Ah I see. I am all for eliminating inline assembly, but I leave this to @maksfb

yota9 added a subscriber: Elvina.Jul 5 2022, 10:11 AM

@maksfb If the __atomic_test_and_set is good enough variant @Elvina may prepare this small change for review :)

maksfb accepted this revision.Jul 5 2022, 11:31 AM

@michoecho, thank you for the investigation and the patch. Both changes look good to me.

@yota9, @Elvina, great. Could you submit a patch with __atomic_test_and_set()?

This revision is now accepted and ready to land.Jul 5 2022, 11:31 AM
Elvina added a comment.Jul 5 2022, 2:44 PM

@michoecho, thank you for the investigation and the patch. Both changes look good to me.

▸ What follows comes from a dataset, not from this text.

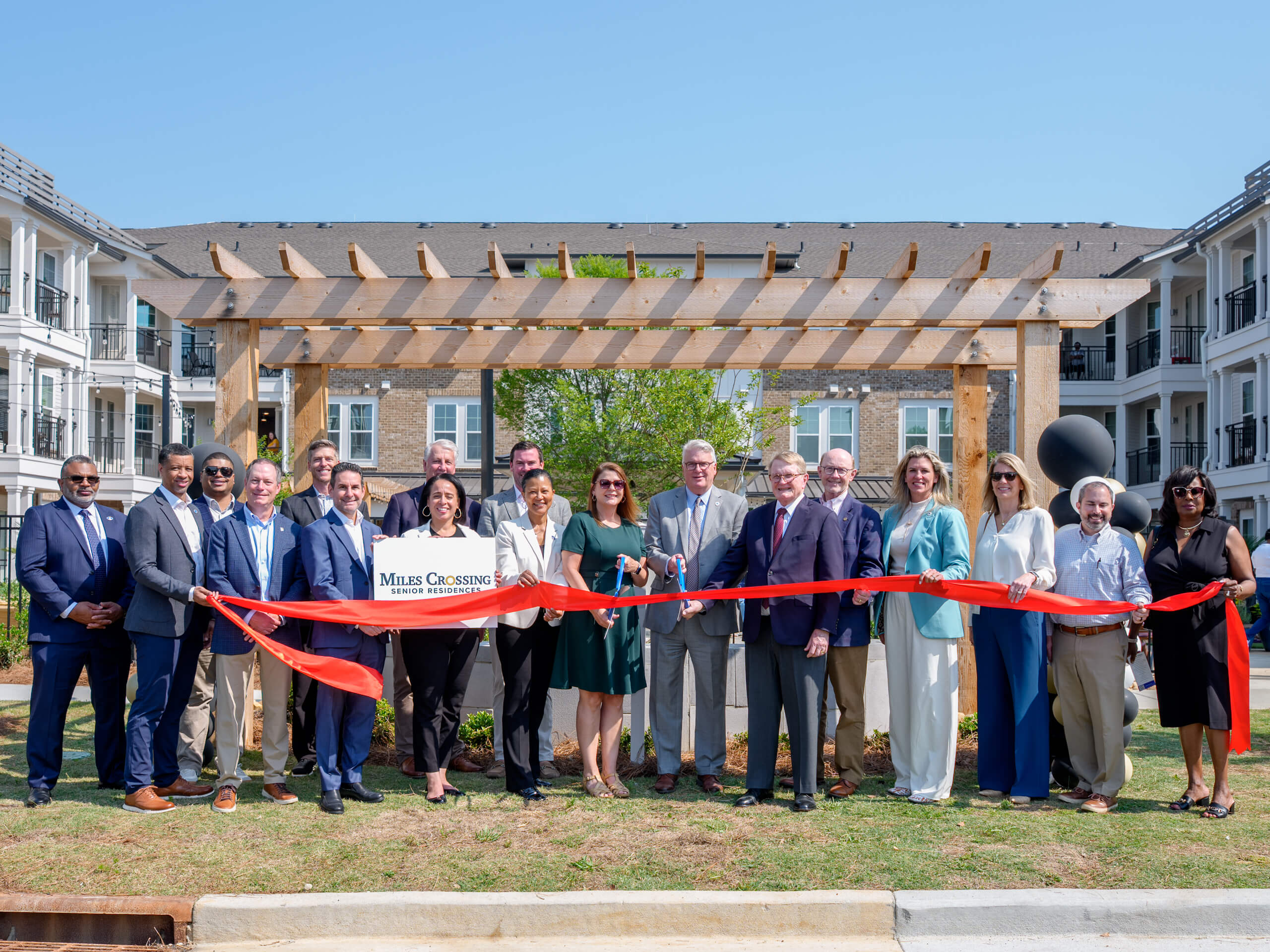 A group of community leaders, partners, and team members stand outdoors in front of a newly built apartment community, holding a red ribbon during a ribbon-cutting ceremony at Miles Crossing Senior Residences. A wooden pergola and multi-story residential buildings are visible in the background under a clear blue sky.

@yota9, @Elvina, great. Could you submit a patch with __atomic_test_and_set()?

Sure, here it is https://reviews.llvm.org/D129162

michoecho updated this revision to Diff 442531.Jul 6 2022, 5:36 AM
michoecho retitled this revision from [BOLT] Fix concurrency bugs in the instrumentation runtime to [BOLT] Fix concurrent hash table modification in the instrumentation runtime.
michoecho edited the summary of this revision. (Show Details)

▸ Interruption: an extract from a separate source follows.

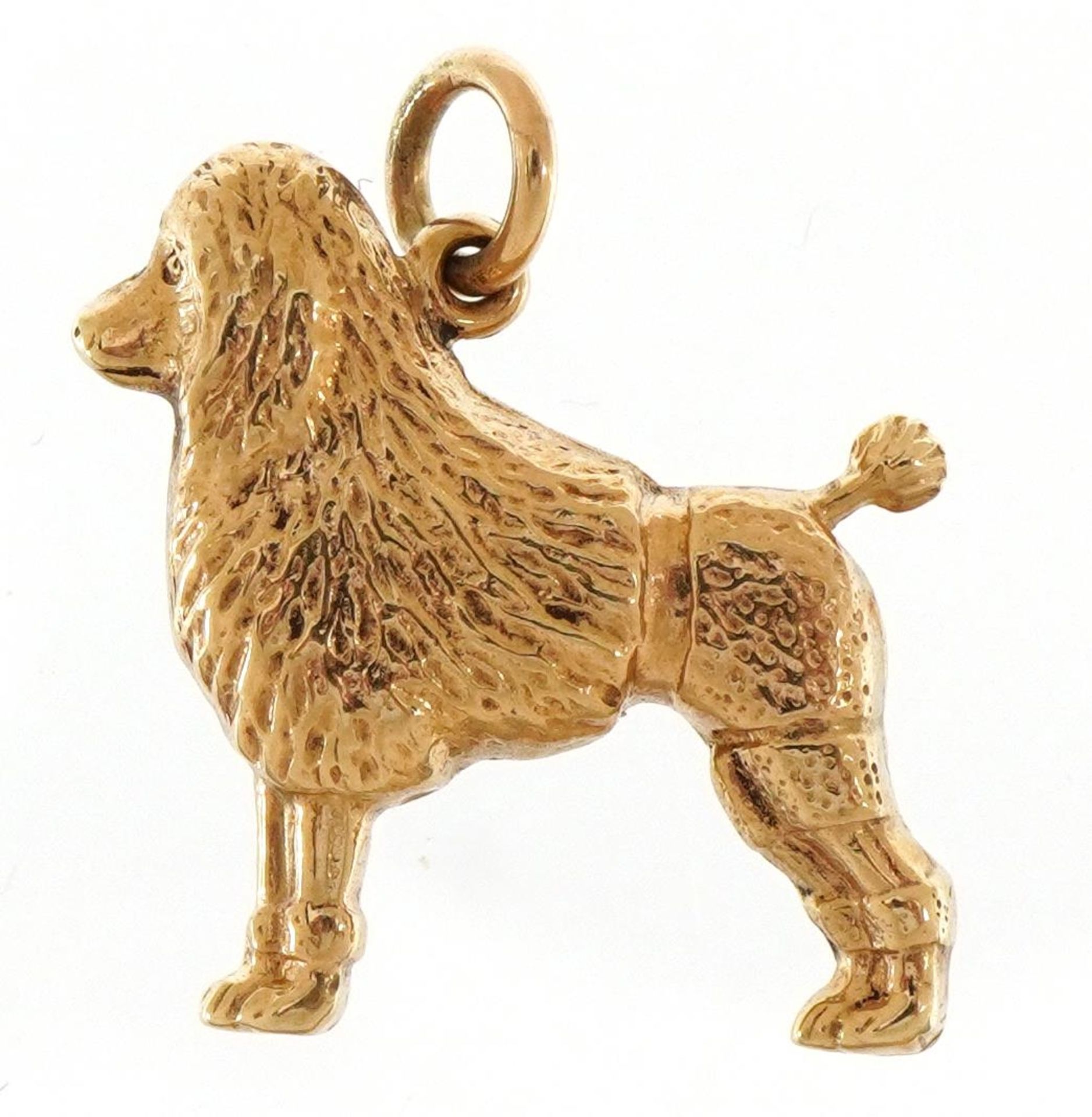 Unmarked gold poodle charm, 1.8cm high, 0.9g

I have removed the Mutex fix from the diff, since the alternative fix (https://reviews.llvm.org/D129162) has been merged.
The __bolt_instr_data_dump() fix remains.

maksfb accepted this revision.Jul 6 2022, 11:23 AM
yota9 accepted this revision.Jul 6 2022, 11:27 AM

Thanks!

I don't have commit access. Could you commit the change, please?

yota9 added a comment.Jul 7 2022, 12:42 AM

@michoecho Sure, but we need your git name and email to specify it in patch, since diff does not contain this information we need to set it manually

Sure, but we need your git name and email to specify it in patch, since diff does not contain this information we need to set it manually

Oh.
Name: Michał Chojnowski
E-mail: michal.chojnowski@scylladb.com
Thanks!

yota9 added a comment.Dec 13 2022, 7:58 AM

For some reason after this patch I observe random deadlocks when running multiple tests. At the beginning of bolt_instr_data_dump() I observe that one of the random GlobalIndCallCounters might become locked and when it comes to the writeIndirectCallProfile->forEachElement it becomes deadlocked. Currently I'm unable to say what is the reason of such behaviour, if patch becomes reverted everything works fine. Also it looks like since visitIndCallCounter is called by forEachElement with mutex lock the CallFlowTable->get() would never be able to lock the mutex (with TryLock) or would always stuck in a deadlock if bolt_instr_conservative option is used.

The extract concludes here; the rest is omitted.